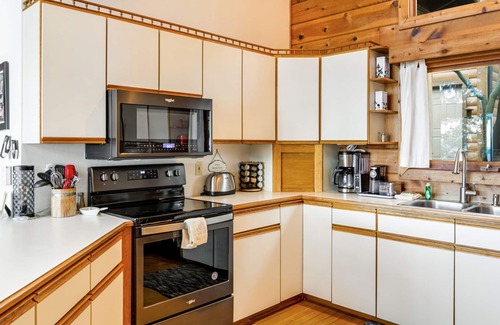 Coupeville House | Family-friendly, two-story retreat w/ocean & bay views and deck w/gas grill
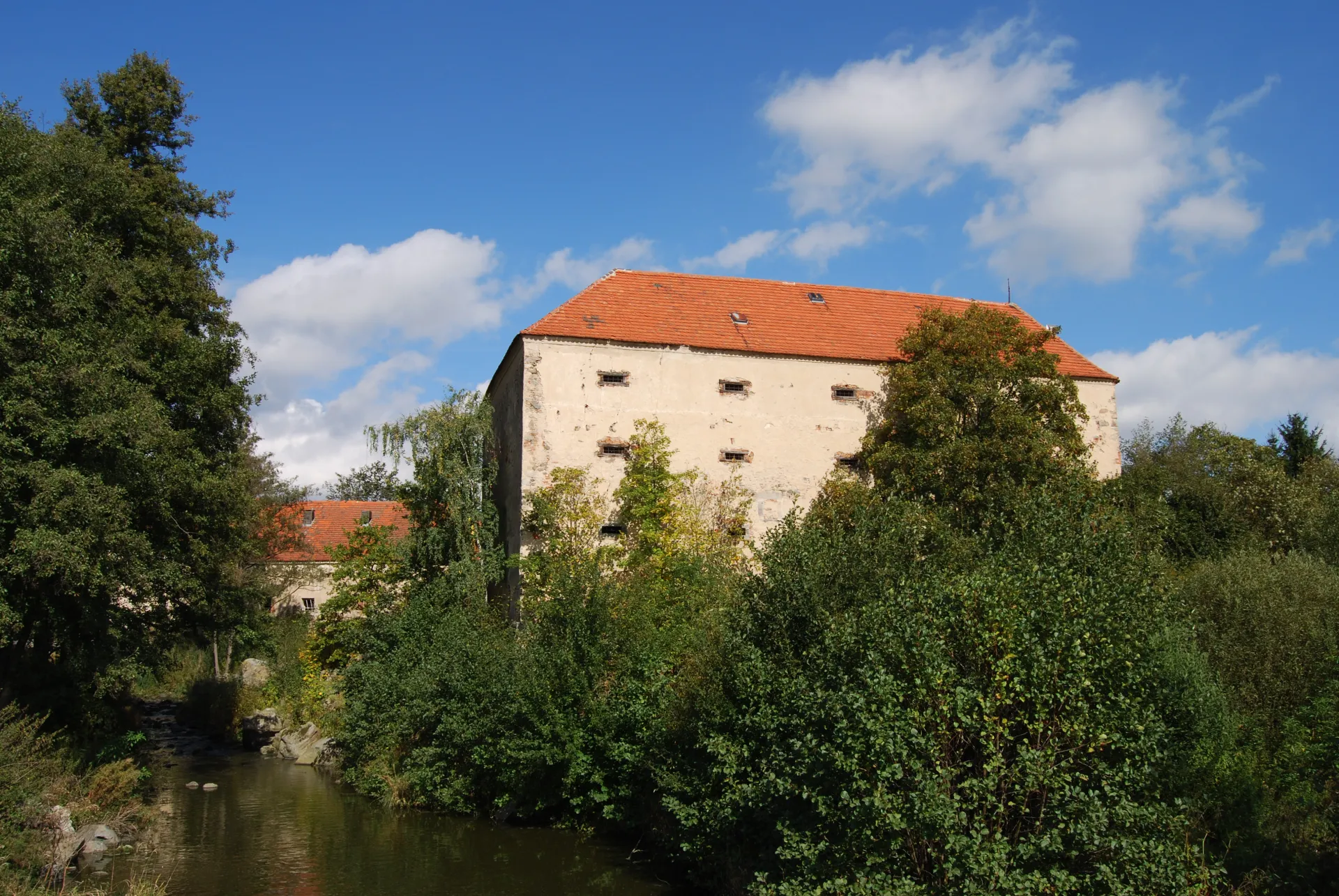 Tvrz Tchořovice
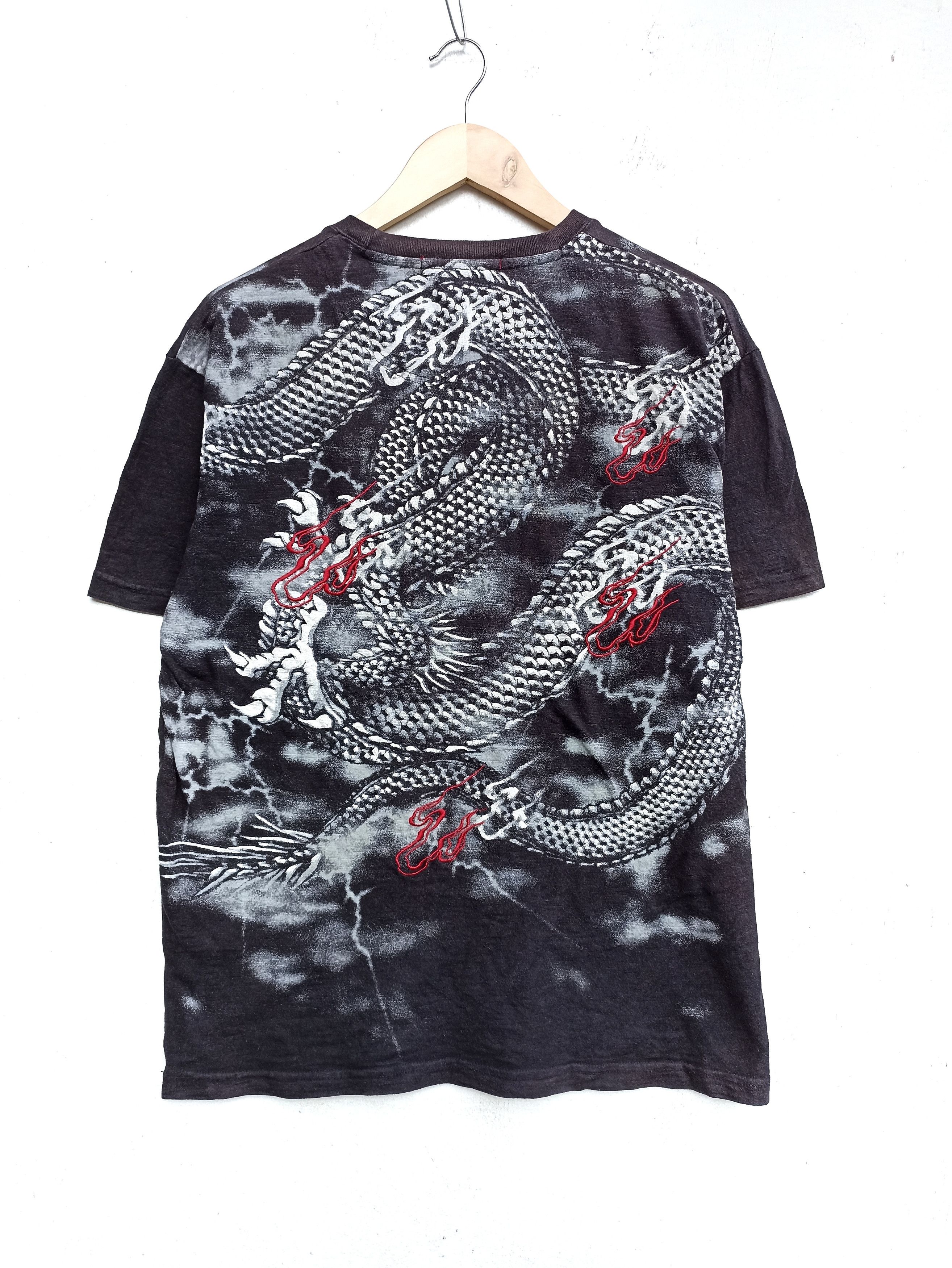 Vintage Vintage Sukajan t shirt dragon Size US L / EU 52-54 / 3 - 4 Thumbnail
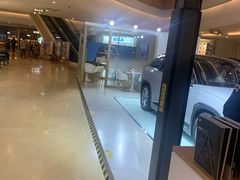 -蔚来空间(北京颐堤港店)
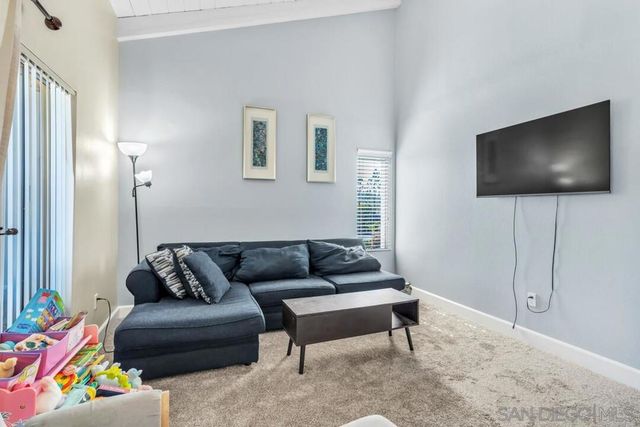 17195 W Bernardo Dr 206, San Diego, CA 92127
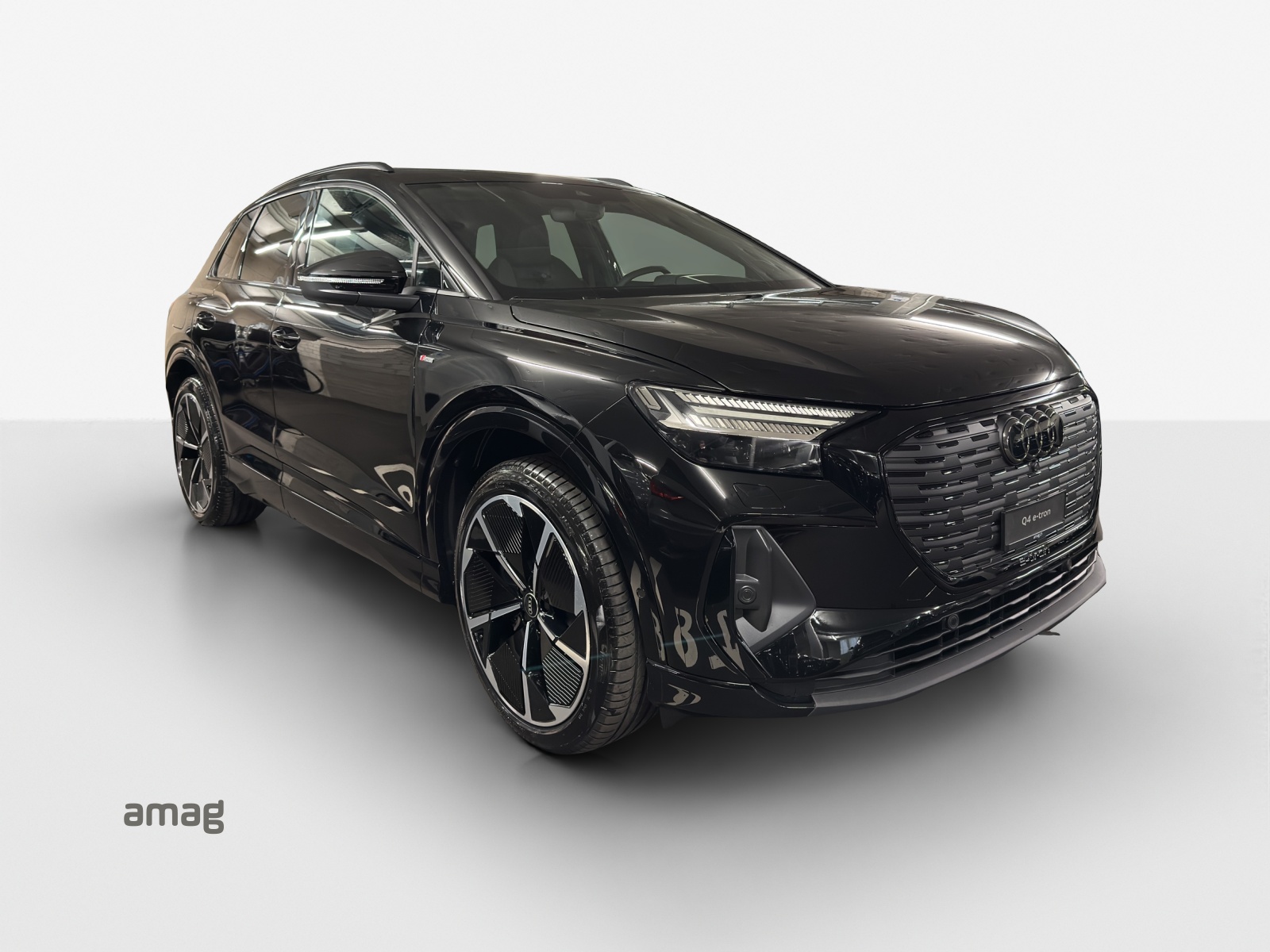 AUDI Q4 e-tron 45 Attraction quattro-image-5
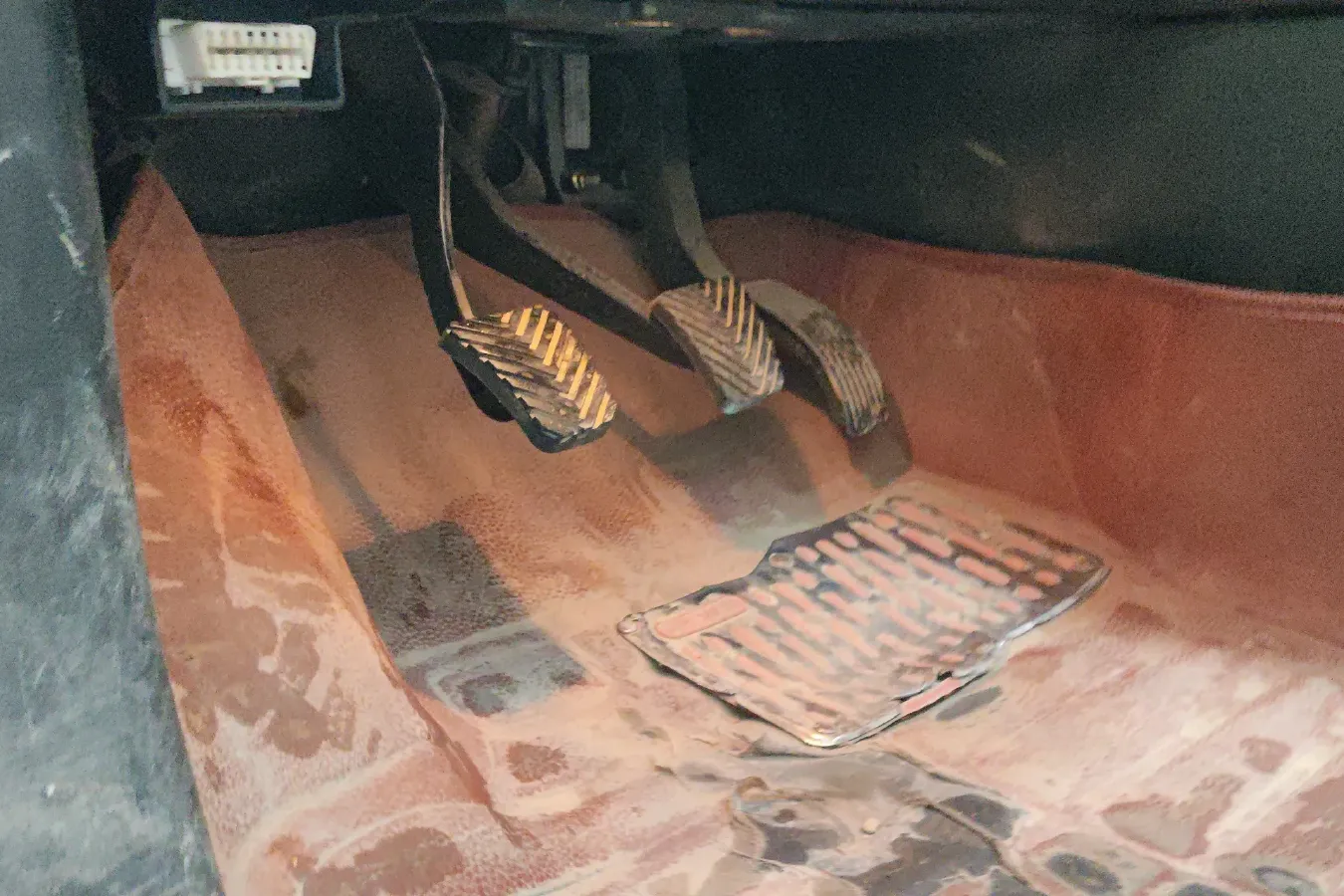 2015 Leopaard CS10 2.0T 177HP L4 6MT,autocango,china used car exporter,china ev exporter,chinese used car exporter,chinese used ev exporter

■ EXERCISE INSTRUCTIONS ■
Your copy must reproduce the entries above in full, without their pictures.

■ SOLUTION TO THE EXERCISE ■
 Coupeville House | Family-friendly, two-story retreat w/ocean & bay views and deck w/gas grill
 Tvrz Tchořovice
 Vintage Vintage Sukajan t shirt dragon Size US L / EU 52-54 / 3 - 4 Thumbnail
 -蔚来空间(北京颐堤港店)
 17195 W Bernardo Dr 206, San Diego, CA 92127
 AUDI Q4 e-tron 45 Attraction quattro-image-5
 2015 Leopaard CS10 2.0T 177HP L4 6MT,autocango,china used car exporter,china ev exporter,chinese used car exporter,chinese used ev exporter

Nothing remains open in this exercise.